→ **Task directions**: No line before the one holding "Seeking Simon Audiolibro" is wanted; restate word for word that line and all lines after it to the end of the entries, excluding pictures.
----------
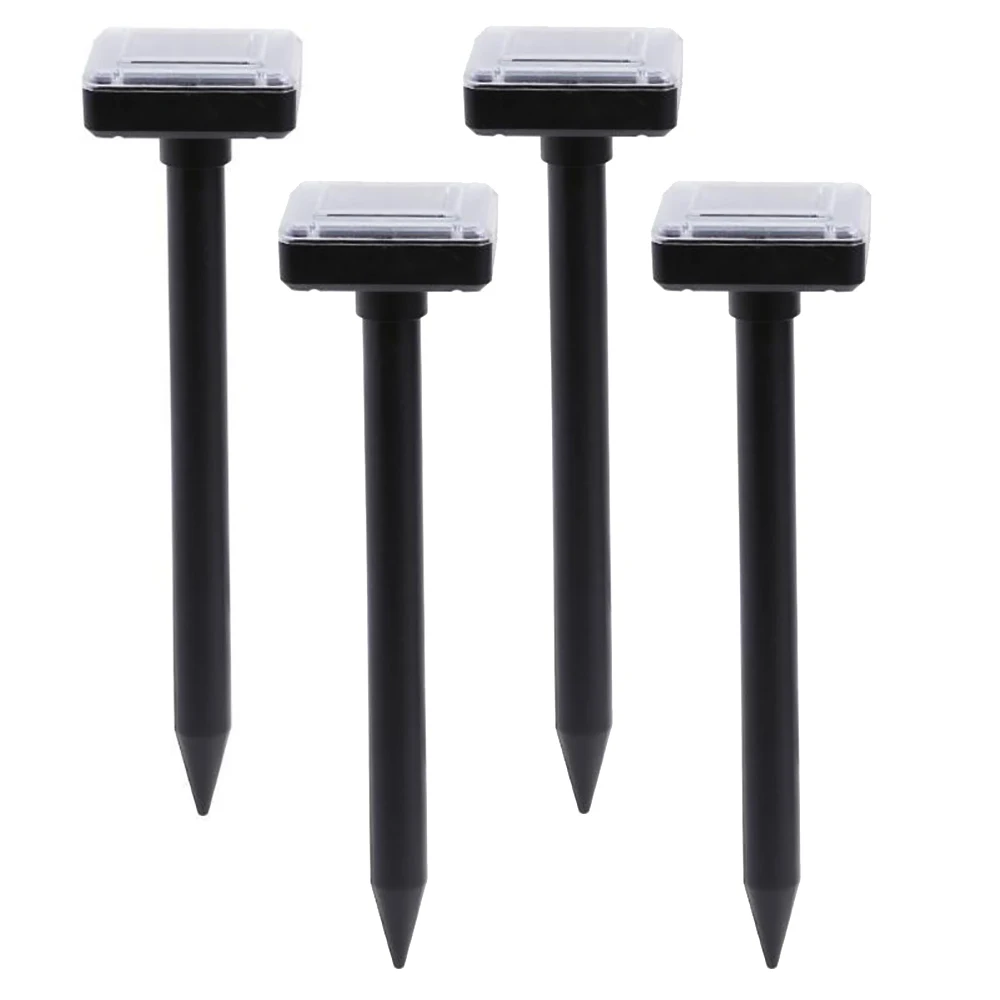 Sonic Outdoor Solar Ultra Sonic Electronic Animal Bird Repeller Pir Motion Sensor Repellent Scarer Spaventare Gli Animali Selvatici Away Tool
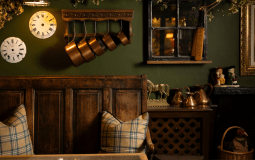 First Look Images For Grantley Hall’s New Country Pub Near The Yorkshire Dales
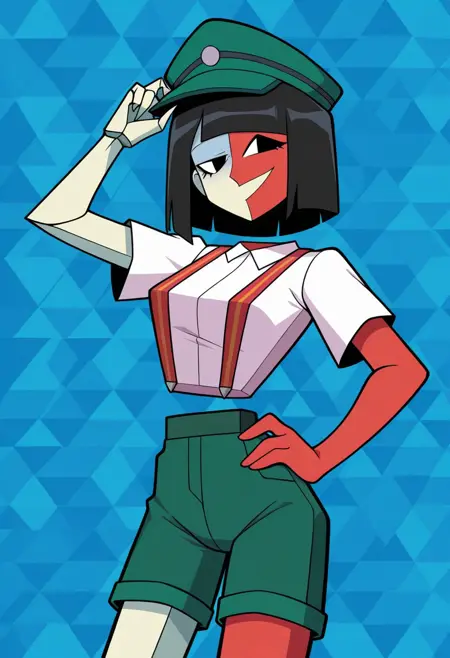 ENA (Season 2) - Illustrious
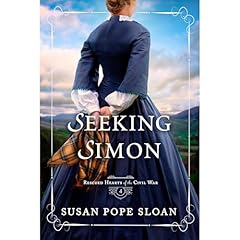 Seeking Simon Audiolibro Por Susan Pope Sloan arte de portada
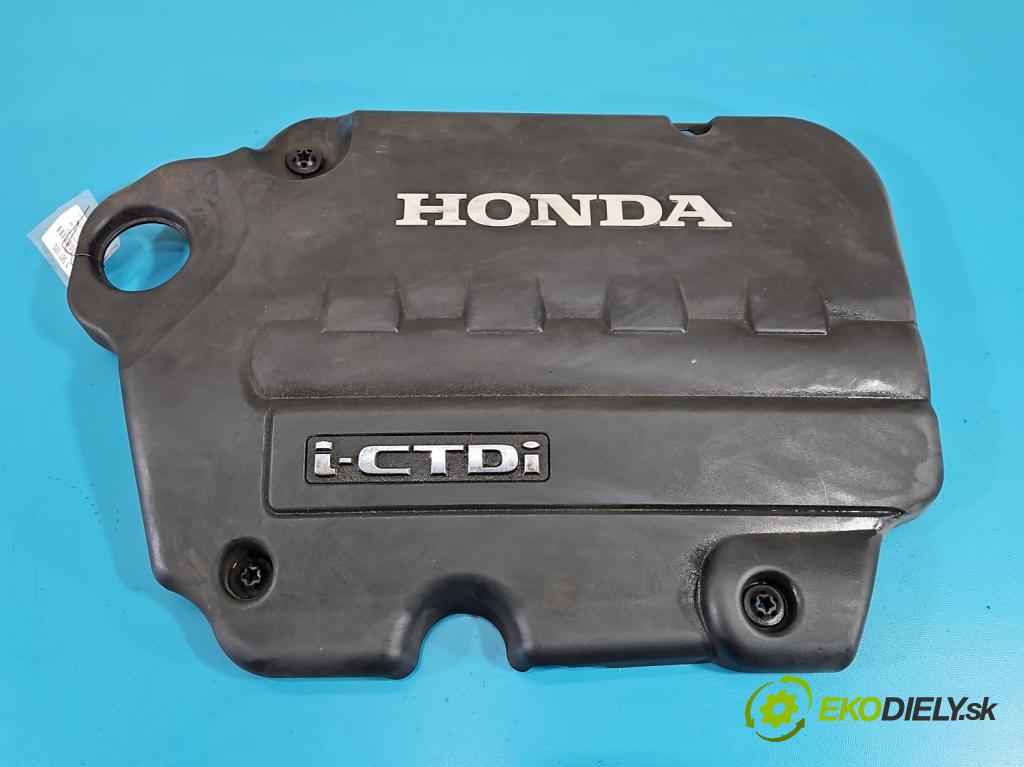 Honda CR-V II 2001-2006 2.2 CTDi: N22A2 140 HP manual 103 kW 2204 cm3 5- kryt motora horní:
----------
→ **Exercise output**:
 Seeking Simon Audiolibro Por Susan Pope Sloan arte de portada
 Honda CR-V II 2001-2006 2.2 CTDi: N22A2 140 HP manual 103 kW 2204 cm3 5- kryt motora horní:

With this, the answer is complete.